Talk to me, when all I hear is you.
Hold me close, when all I feel is you.
Feed my hunger, when all I taste is you.
Live with me, when I can't live without you.

Favourite this work Favourite This Author

Comments by other Members

Zettel at 11:21 on 07 June 2005  Report this post

The repetition builds the feeling. A bit like a series of sad ehoes.

Very evocative. Write on.


Ambitions of Lisa at 14:47 on 07 June 2005  Report this post

It sounds more like total devotion rather than desperation Stephen. Beautiful.

I like the length and also the repetition.


joanie at 17:33 on 07 June 2005  Report this post
I like the form of this and the repetitions, which are like echoes. (Oh, sorry, Zettel - your idea, the echoes!)

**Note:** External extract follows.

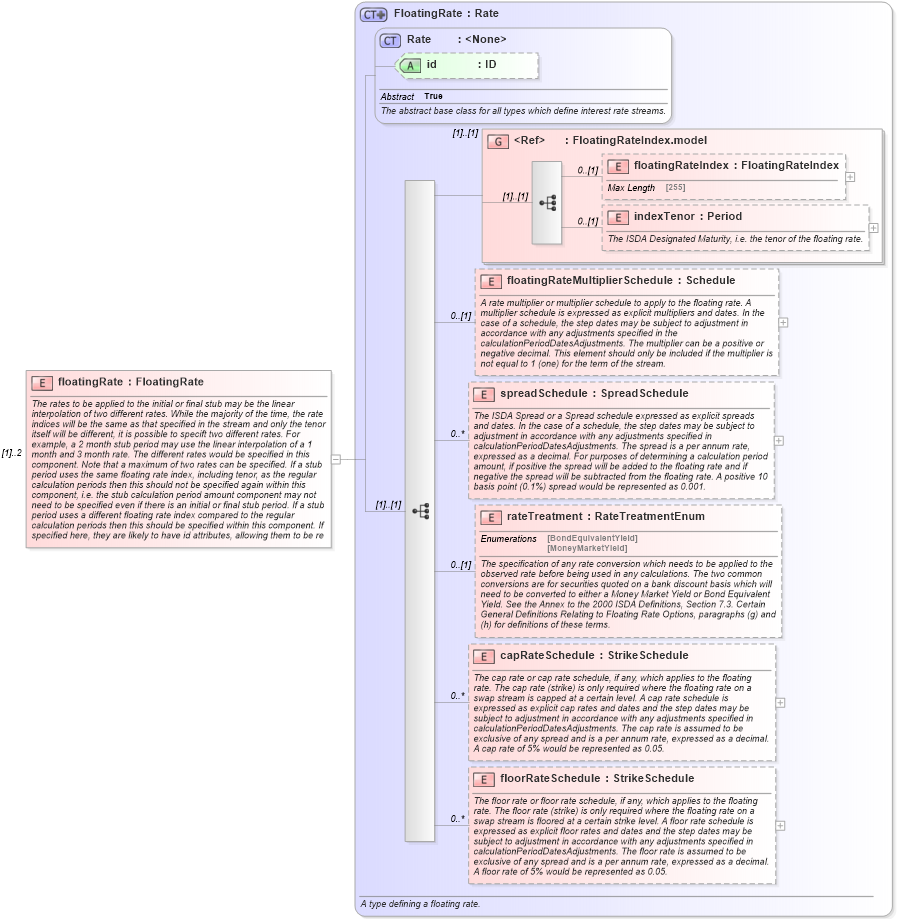 XSD Diagram of floatingRate in schema fpml-shared-5-4_xsd (Financial products Markup Language (FpML®))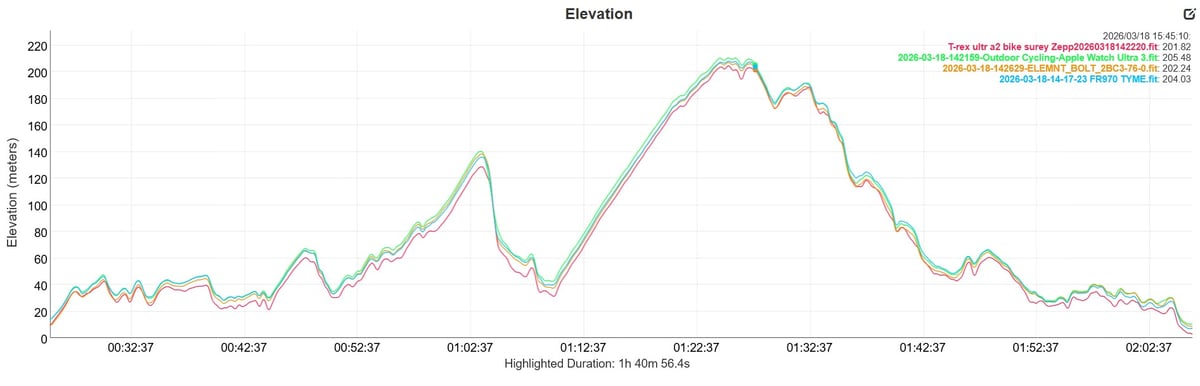 Amazfit T-Rex Ultra 2 elevation accuracy test results compared to reference devices on hilly bike route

James Graham at 18:41 on 07 June 2005  Report this post
You're building well on this repetitive form. There's always a song-like impression created, as of course songs so often work through repetitions and refrains. This is a good length too, but having said that I think there's just one line too many. 'Be with me, when all I want is you' is too much like the last line in meaning, and also doesn't have the motif of the senses which all the previous lines have. The series breathe, look, hear, touch, feed moves very naturally into 'Live with me'. All these things add up, like a sort of sum, to the 'total' idea - 'live'. As an extra touch, 'live' rounds off the poem by echoing the idea of 'breathe' - breathe/live, closely related words framing everything else. So I'd leave out 'Be with me...'


hailfabio at 01:02 on 08 June 2005  Report this post
Thanks for all comments.

James, yes I was thinking about all the senses so I think you're right. Breathe/live go well.


Account Closed at 09:16 on 10 June 2005  Report this post
A wonderful love poem, and goodness don't we need more of these! Love the build-up during such a few lines too. Great stuff!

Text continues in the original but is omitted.